Sariel Har-Peled, Timothy Zhou
TL;DR
This work addresses the problem of estimating the congestion of planar curves, a measure of local zigzagging defined via $c$-packedness. It introduces a randomized $42$-approximation algorithm that runs in $O(n\log^3 n)$ time with high probability, significantly speeding beyond the prior $\tilde{O}(n^{4/3})$-time algorithms. The approach partitions the input into short and long segments and reduces the problem to a small number of quadtrees, using a combination of square-based representations, dynamic programming on the short part, and an exponential-search with random sampling to bound the long part. The result yields near-linear-time, constant-factor congestion estimates useful for efficient Fréchet-distance approximations and related problems, with potential extensions to higher dimensions and practical implementations.
Abstract
The congestion of a curve is a measure of how much it zigzags around locally. More precisely, a curve $π$ is $c$-packed if the length of the curve lying inside any ball is at most $c$ times the radius of the ball, and its congestion is the minimum $c$ for which $π$ is $c$-packed.
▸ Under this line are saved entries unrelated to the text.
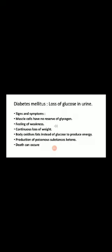Dear students, you have to write in your notebook: the definition of hormone, the role of the adrenal gland, the role of the pancreas, and the signs and symptoms of diabetes mellitus and its treatment. See you soon!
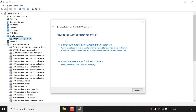Below it, it says how do you want to search for drivers? The first option is search automatically for updated driver software — Windows will search your computer and the internet for the latest driver software for your device, unless you've disabled this feature in your device installation settings. The second option is to browse my computer for driver software to locate and install driver software manually.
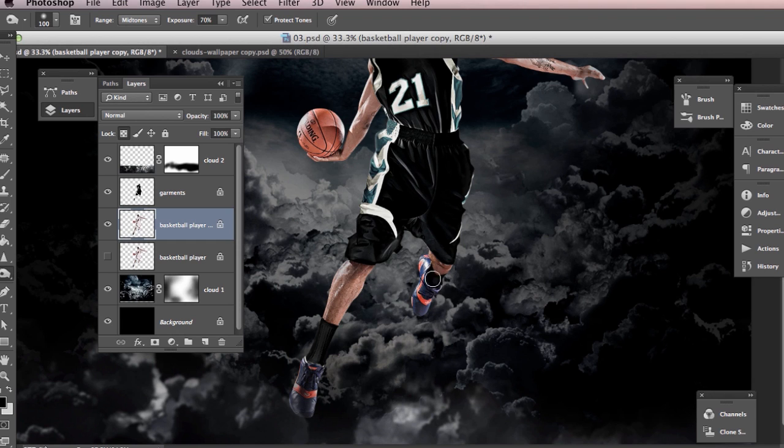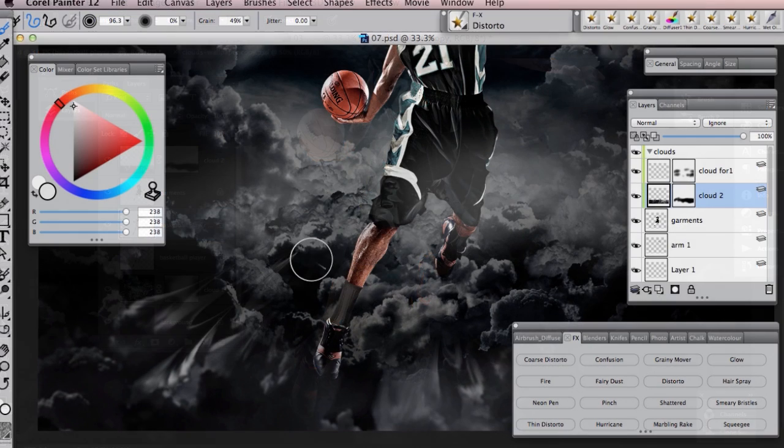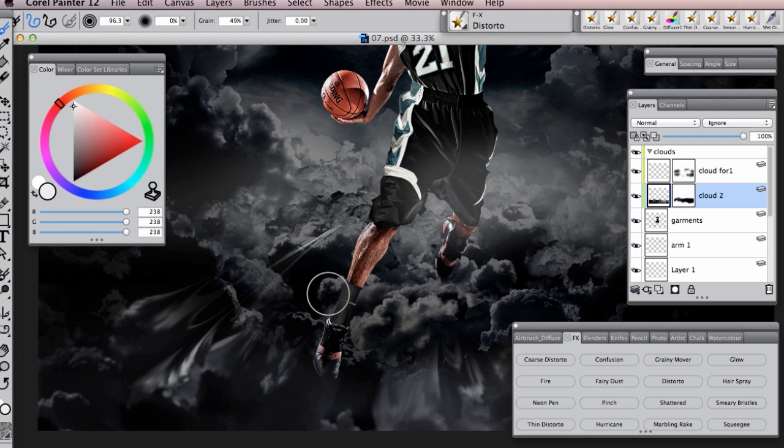Topics will include how to create compelling lighting effects using Photoshop, Painter and some great third-party plugins.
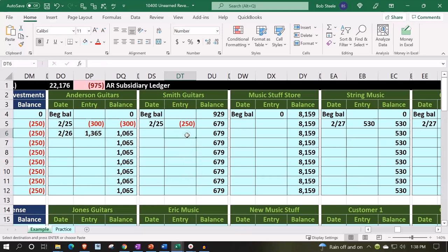In our scenario that we have here, we're going to say that we have a prepayment that took place for a guitar, and that's another area that you might have a prepayment. We talked about rental property where you might have a prepayment.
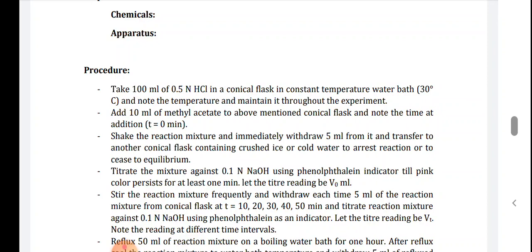For the procedure, first take 100 ml of 0.5 normal HCl in a conical flask in a constant temperature water bath maintained at 30 degrees centigrade. Note this temperature and maintain it throughout the experiment. Next, add 10 ml of methyl acetate to the conical flask containing 100 ml of 0.5 normal HCl. Note the time at addition — this is zero time.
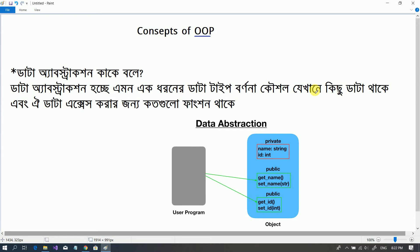Let us see Data Abstraction. Data Abstraction is about the kind of data type we need to add. Whether it exists as data, a data type, or as a function — that is what we call Data Abstraction.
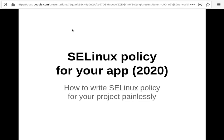Hello, my name is Lukar Zapatal and in this short video I'd like to talk about how to write an SELinux policy for your project. This is the 2020 edition.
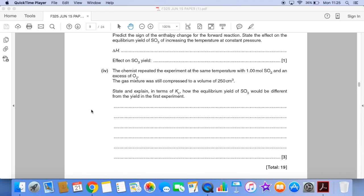And the very last part of the question: the chemist repeated the experiment at the same temperature with one mole of SO₂ and an excess of oxygen. The gas mixture was still compressed at that same volume of 250 cm³. In terms of Kc, state and explain how the equilibrium yield of SO₃ would be different from the yield in the first experiment.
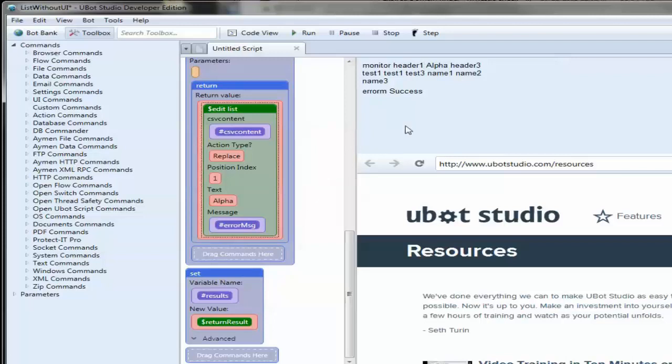You don't necessarily have to use the monitor here. We're just doing that in these examples so you can see a quick result. If you happen to have any questions, please ask and I hope these videos have helped you. Thank you.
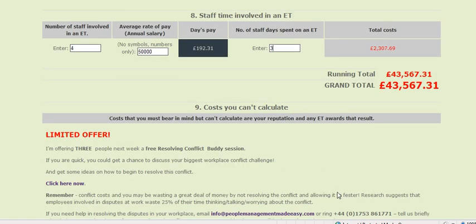I'm offering resolving conflict buddy sessions, so if you'd like to take advantage of this and seek my support in resolving the situation, download your free conflict calculator at the address below and look out for this free offer of a buddy session. Good luck and thank you.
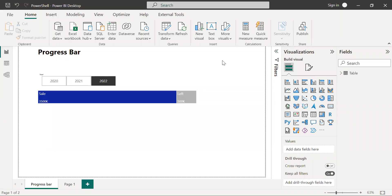Hello everyone, welcome back to our channel. In this video I'm going to talk about the progress bar, what it is and how to add it in Power BI reports.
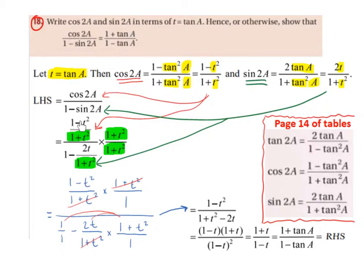We have a fraction in our numerator and a fraction in our denominator, so we want to get rid of that. Since they both have the same denominator, we're going to multiply across by the denominator — multiplying across by 1 plus t squared on the top and 1 plus t squared on the bottom. That ends up cancelling out the denominators.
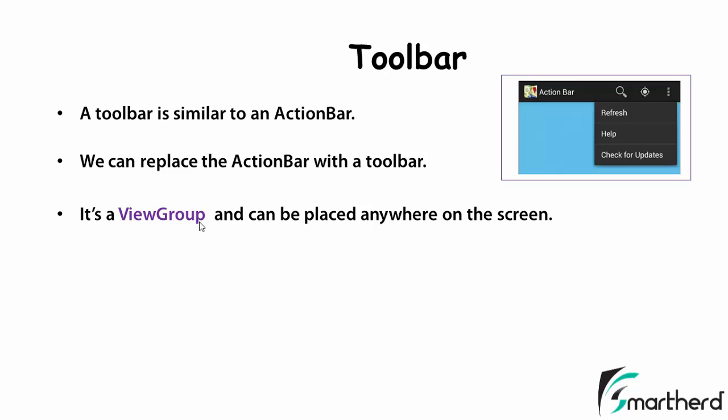Now again as it is a view group, toolbar can be placed anywhere on the screen. You can place a toolbar at the bottom of the screen or you can place a toolbar at the middle of the screen.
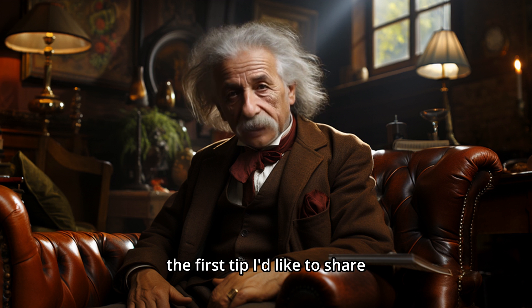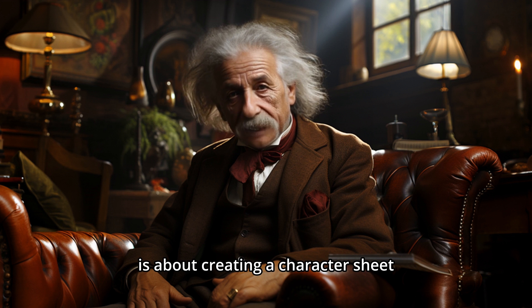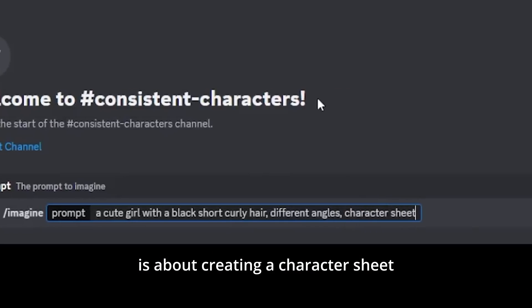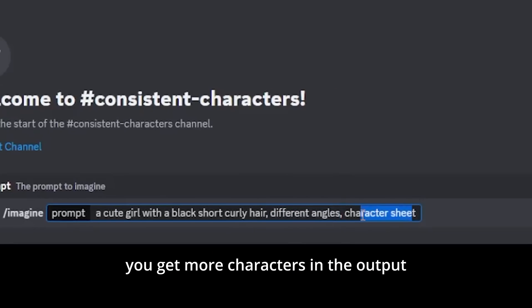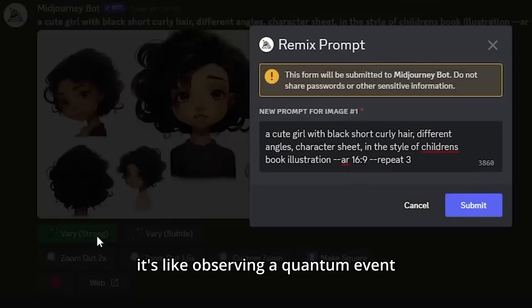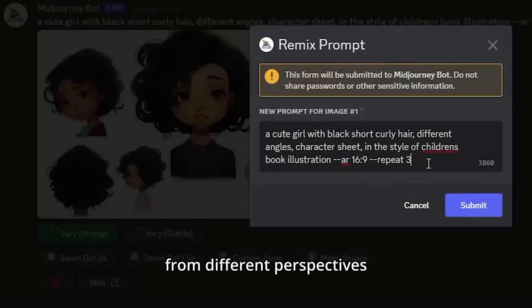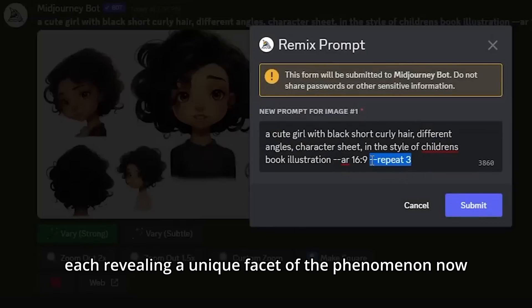The first tip I'd like to share is about creating a character sheet. When you write different angles before character sheet, you get more characters in the output. It's like observing a quantum event from different perspectives, each revealing a unique facet of the phenomenon.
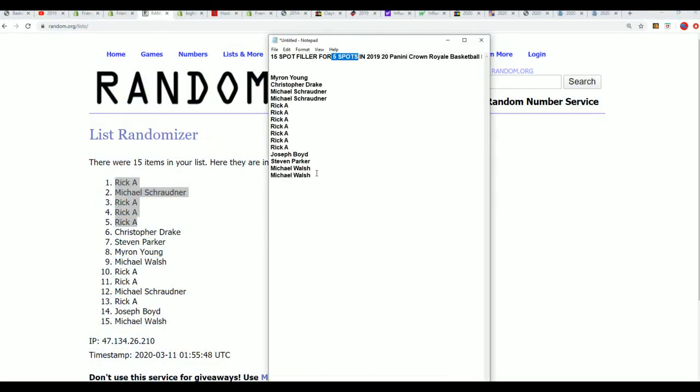Good luck here in Crowd Royal. Moments away from the box break, we are getting ready to rip.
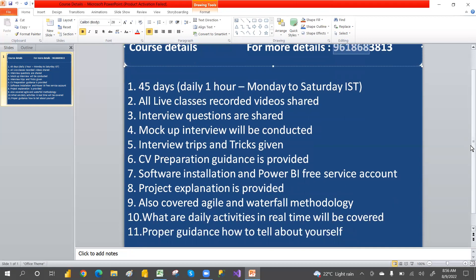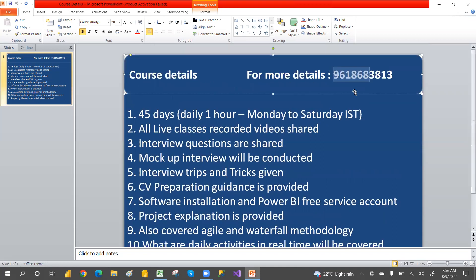We will also send all the details. If you are connecting from a mobile, you should have the Google Meet app installed. If you are connecting from a laptop, you don't need to download anything. Just message me on this number on WhatsApp and I will add you to the group.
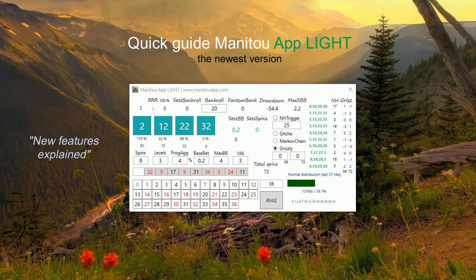Hi guys, this is a quick guide for Money2App - the newest version of the app. I will not explain today how to enter numbers or the basics of money management, because I already explained that in the first quick guide on how to play with Money2App lite.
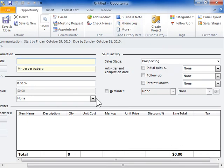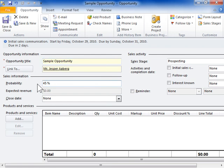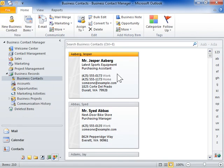Fill out the new Opportunity record. Click Save and Close. This is the process to link an opportunity to a business contact.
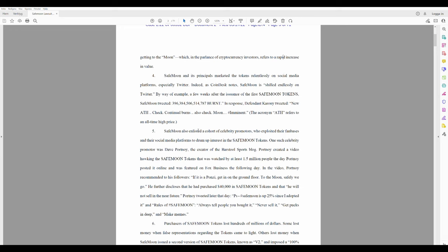Indeed, as CoinDesk notes, SafeMoon is shilled endlessly on Twitter. By way of example, a few weeks after the issuance of the first SafeMoon tokens, SafeMoon tweeted '396 million burn.' In response, defendant Carony tweeted 'New all-time high, check. Continual burns, also check. Moon imminent.' The acronym ATH refers to an all-time high price.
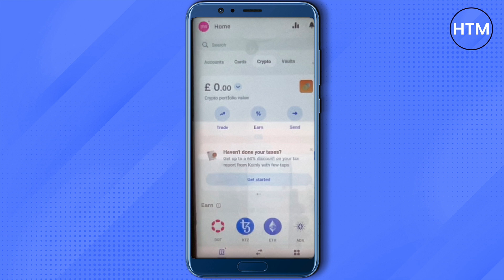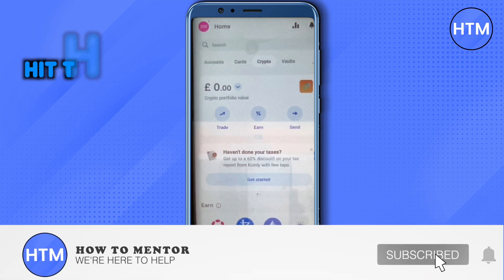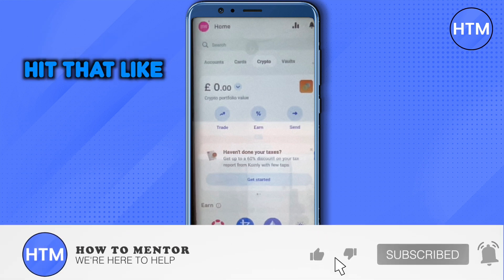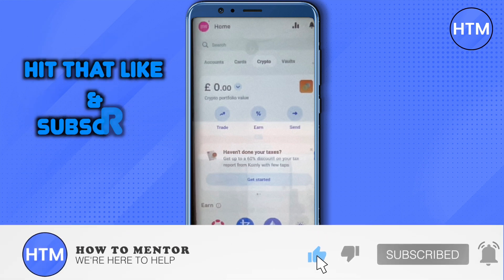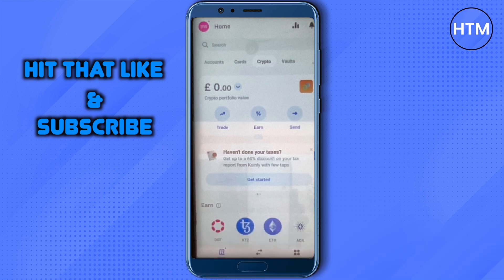After copying the address from your Binance account, just paste it into your Revolut account and then send the Bitcoin or any other crypto from your Revolut account to your Binance account. That's how you send money from Revolut to Binance. I hope this video was helpful — make sure to hit that like button and subscribe to our channel for more helpful videos.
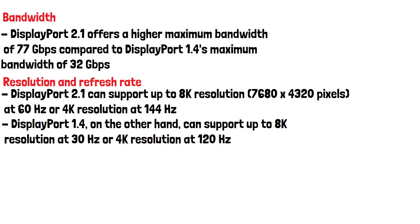This means that DisplayPort 2.1 can handle higher resolution images and smoother gameplay than DisplayPort 1.4.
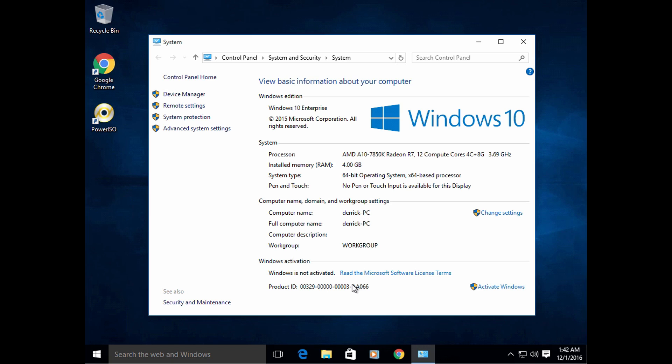If after that it still says that your Windows isn't activated, then check the description and you'll have the link of the video how to activate Windows 10. And that is it. If you find this video helpful, support me by clicking like and subscribe. Thanks. Bye.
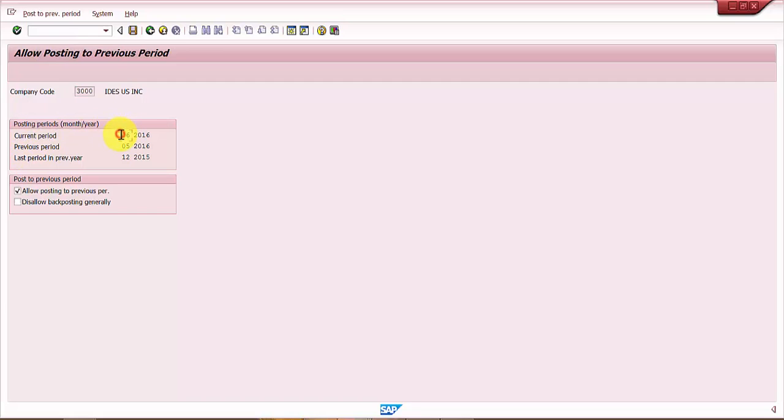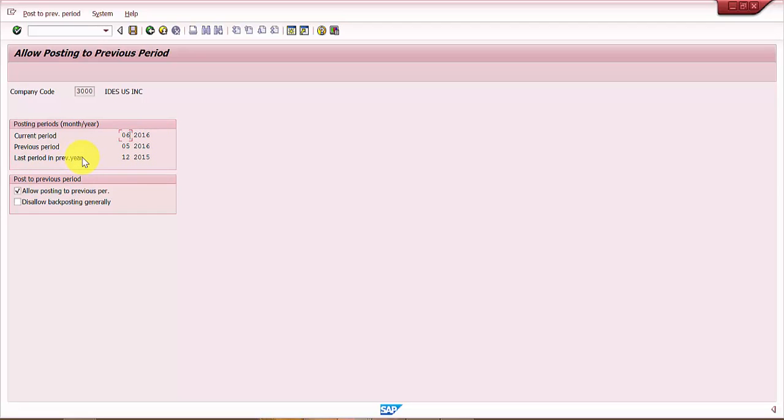This means it is June 2016. The previous period is 05 2016, and the last period in the previous year is 2015 12 month, that is December 2015.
This paper presents a randomized $42$-approximation algorithm for computing the congestion of a curve (or any set of segments in the plane). It runs in $O( n \log^2 n)$ time and succeeds with high probability. Although the approximation factor is large, the running time improves over the previous fastest constant approximation algorithm, which took $\widetilde{O}(n^{4/3})$ time. We carefully combine new ideas with known techniques to obtain our new near-linear time algorithm.